Siamo una data. Ogni anno ci festeggiano, ci portano dei fiori (brutti e puzzolenti), come fossimo tombe. Siamo il duenovembre. Un duenovembre tutto femminile. Depongono sugli altari appassiti dei nostri giorni infelici dei meri sorrisi di circostanza. Non siamo l'altra metà del cielo. Siamo la parentesi involontaria che si apre e si chiude per un giorno all'anno. Siamo l'ooops nelle frasi aggiustate e corrette nei discorsi sul lavoro, sul calcio e sulla politica.

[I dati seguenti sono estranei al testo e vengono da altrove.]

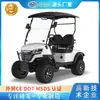 Exportación Transfronteriza de Carritos de Golf de 2 Plazas Guangzhou Langqing desde el Fabricante Original, Carritos Turísticos para Lugares Pintorescos, Carrito de Golf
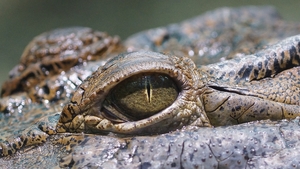 Noroc chior pentru un australian de 65 de ani. A mușcat de pleoapă un crocodil care îl atacase. Ce a urmat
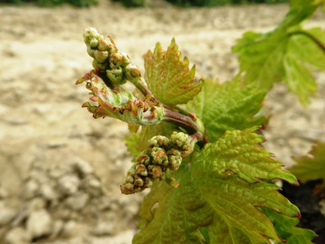 El Ciclo de la Vid-a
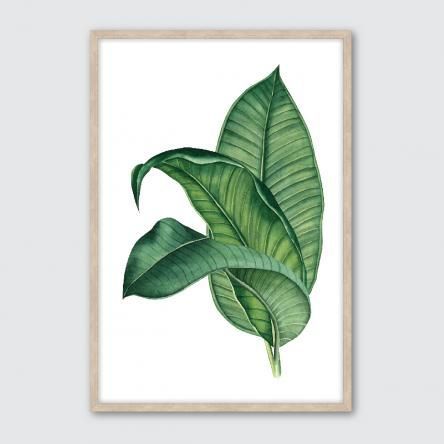 Tropical Spray #1 | Framed Giclee Art Print | Giclee Art Pertaining To Tropical Framed Art Prints (View 15 of 15)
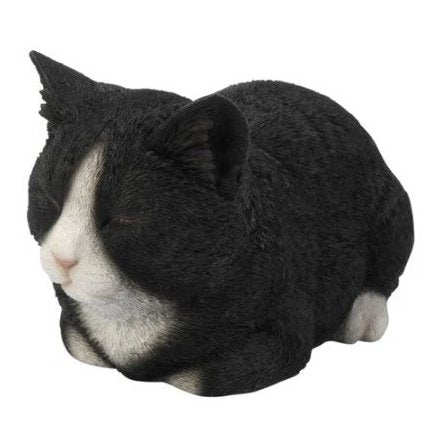 Cat - Black/White Sleeping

Siamo il margine. Quelle lettere che scappano dalla penna e vanno al di là di quella linea violacea. Siamo da cancellare con il bianchetto. O più velocemente siamo da togliere.
Non siamo una data. Eppure come tale siamo trattate.
Ci distinguiamo per poche cose, e per meno veniamo ricordate. Siamo l'erba amara del contorno della portata principale. Ma per un giorno all'anno siamo il piatto principale, pronto per essere mangiato alla svelta.
Sono 364 i giorni che scorrono in sottofondo in questo giorno, e "cosa vuoi che sia" nessuno oggi ci fa caso, eppure mi pare che 364 pesi molto più di 1.
Che valore potremo avere se veniamo piazzate nel calendario insieme alla luna calante, a San Marco e Santa Caterina, al rosso di domenica e perchèno mettiamoci anche il sabato.
Che valore potremo avere mai ad essere una data, ad essere trattate da data e ricordate come data.
Non voglio essere festeggiata, non c'è niente da festeggiare.
2.14.2011
scotta
La pelle al sole profumava di miele caldo.
La schiena sfiorava la sabbia scottante e i piedi bagnati dall'acqua fredda del fiume assopito.
Giocavamo con i capelli tra le dita, la mano a schernire i raggi tiepidi, i sorrisi immediati.
Venne l'inverno a raggerlare gli animi.
Pietrificati, mummificati, attesi, i sorrisi non più in là ci condussero di dove già volevamo arrivare.
Nuova linfa invernale, cogliendo più che quello che lo sguardo può dire, le mani fare, la mente sognare.
Esitando non s'arriva, si parte. Si parte e questo è quanto.